I would be remiss if I did not address the controversy around Russia and 2017. For those who need the step-by-step layout of events:
Russia internally selected Julia Sachenko to represent them with the song “Flame is Burning” mere days before the submission deadline.
Ukraine announced that they were launching an investigation into Sachenko, as they had suspicion to believe that she illegally entered the country to perform in Crimea without passing through a Ukrainian checkpoint back in 2015.
Sachenko confirms that she did, in fact, perform in Crimea in 2015.
Ukraine officials announced in mid-March (with fewer than eight weeks to go before Eurovision) that Sachenko had indeed entered the country illegally and that she was prohibited from returning for five years – no exception.

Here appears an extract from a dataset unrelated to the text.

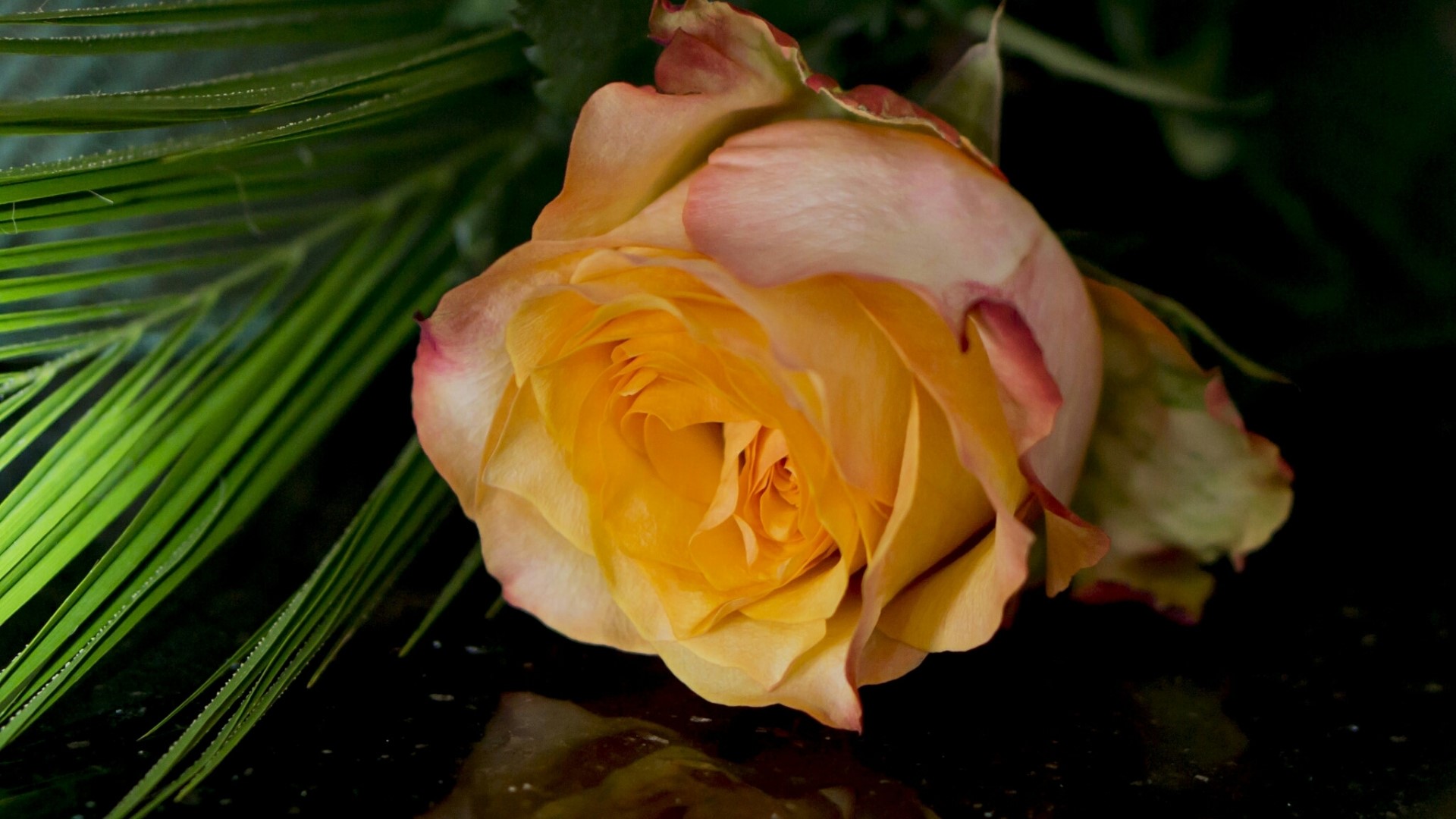 Yellow and pink rose with green leaves HD Wallpaper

The EBU expresses dismay over this decision. Initially, they offer to find a way to allow Sachenko to perform in Moscow and have it telecasted in the arena. Both Russia and Ukraine scoff at this. Russia, because the rules state performances must be live in the arena AND that telecasting denies them full participation benefits. Ukraine, because showing Sachenko on Ukrainian television would violate the law and circumvent the punishment of banning her entry.
The EBU reaffirms that Ukrainian law must be respected and that it will work with the host nation to find a solution.
One of the highest ranking administrators at the EBU issued an ultimatum to Ukraine: provide an exception for Sachenko or risk being banned from Eurovision events (ESC, JESC, Eurovision Young Musicians, and all its entertainment content one imagines) for several years (a punishment that was doled out to Lebanon after it said that it would not broadcast the Israeli entry in 2005, forcing it to remove itself from the Contest – where it was set to debut – and drop any expectation of receiving a refund of its participation fee as well as received a five year ban from Eurovision competitions).
Russia is offered the solution of replacing the artist of the song (which is the most sensible solution and consistent with past situations of similar natures, in my opinion).
Again, Russia scoffs at this solution while Ukraine refuses to budge.
Russia ultimately decides to withdraw and refuses to broadcast EC 2017.
This just goes to show you that, try as they might, the EBU cannot prevent politics from creeping into the Contest. Of course, this all could have been avoided if they had made Jamala change the lyrics of 1944 last year. Or if Russia decided to be the bigger man and choose an artist that did not break the law.
So, is this whole post moot? Doesn’t this just prove that my arguments against the political nature of Eurovision are wrong? No. One example, even one as big as this, does not unravel my argument. Nor does it prove the Contest as a whole is political. In fact, it can be said that the EBU was trying its best to mitigate a political event to avoid politics entering the Contest.